What if we adopt the perspective that every scale is equally “central” to understanding reality? This represents a radical extension of the Copernican principle: not only is our spatial location non-privileged, but our temporal and spatial scale of observation may also be arbitrary.

When we observe the universe, we notice a pattern: entities larger than us tend to evolve more slowly, while smaller entities change more rapidly. Galaxies evolve over billions of years, human affairs over decades or centuries, cellular processes over minutes or hours, and subatomic interactions over infinitesimal fractions of a second. This pattern suggests an intriguing possibility: perhaps each scale of reality has its own equivalent of “cosmology” and “particle physics.”

From this perspective, our human-scale physics might be the “particle physics” of larger-scale structures and simultaneously the “cosmology” of smaller-scale entities. The physics we observe at any given scale would represent only a cross-section of a multi-scale reality.

Experimental implications

This philosophical shift has practical implications. If all scales are equally fundamental, we should expect to find “complete” physics at every scale—including emergent principles that aren’t obviously derivable from smaller scales. Rather than assuming that the most fundamental theories must be at the smallest scales (the reductionist view), we might expect fundamental principles to emerge at every scale.

Some experimental signatures might include:

  • Emergent symmetries at macroscopic scales that aren’t present microscopically
  • Physical laws that take the same form across widely different scales (genuine scale invariance)
  • Phenomena that resist complete reduction to more microscopic descriptions

Mathematical formalism

To formalize this philosophical stance, I’ve been developing a mathematical framework that treats scale transformations as a form of coordinate transformation, similar to how relativity treats reference frame shifts.

The core idea is to define a “scale connection” that determines how physical quantities transform across scales. This is analogous to the metric connection in general relativity, which determines how vectors transform across curved spacetime.

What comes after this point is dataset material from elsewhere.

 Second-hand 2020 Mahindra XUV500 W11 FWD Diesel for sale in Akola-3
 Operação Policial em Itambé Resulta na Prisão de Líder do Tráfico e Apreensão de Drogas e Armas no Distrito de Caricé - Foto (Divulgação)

Consider a physical quantity $A(x,s)$ that depends on both position $x$ and scale $s$. Its total scale derivative would be:

\[\frac{D A}{D s} = \frac{\partial A}{\partial s} + \Gamma^A_{BC} \frac{\partial B}{\partial s} C\]

Where $\Gamma^A_{BC}$ is the scale connection that encodes how quantities couple across scales.

Cosmological speculations

This framework has intriguing cosmological implications. If the universe is genuinely scale-symmetric in some deep sense, then perhaps the apparent asymmetry between cosmic scales is itself an emergent phenomenon—analogous to how the apparent asymmetry between space directions in our everyday experience emerges from symmetric underlying physics.

One speculative possibility is that the arrow of time and the apparent “direction” of causality from micro to macro scales might be related phenomena, both emerging from more fundamental scale-symmetric dynamics.

Research directions

I’m currently pursuing several research directions based on this framework:

  1. Developing a more rigorous mathematical formulation of scale connections
  2. Investigating whether certain puzzling quantum phenomena (measurement, entanglement) might be reinterpreted through a scale-symmetric lens
  3. Exploring connections to renormalization group theory and effective field theories

Philosophical significance

Beyond its potential scientific value, this perspective offers a philosophically satisfying worldview that reconsiders our implicit scale-centrism. Just as the Copernican revolution humbled humanity by removing Earth from the cosmic center, perhaps this “scale revolution” can humble us further by suggesting that our particular scale of observation isn’t privileged either.

If successful, this approach might help bridge the seemingly disparate worlds of quantum mechanics and general relativity by suggesting that both represent valid perspectives from different scales, neither more fundamental than the other.

The cosmos remains the same, but our perspective shifts—understanding that our view from this particular scale is just one of infinitely many equally valid perspectives on reality.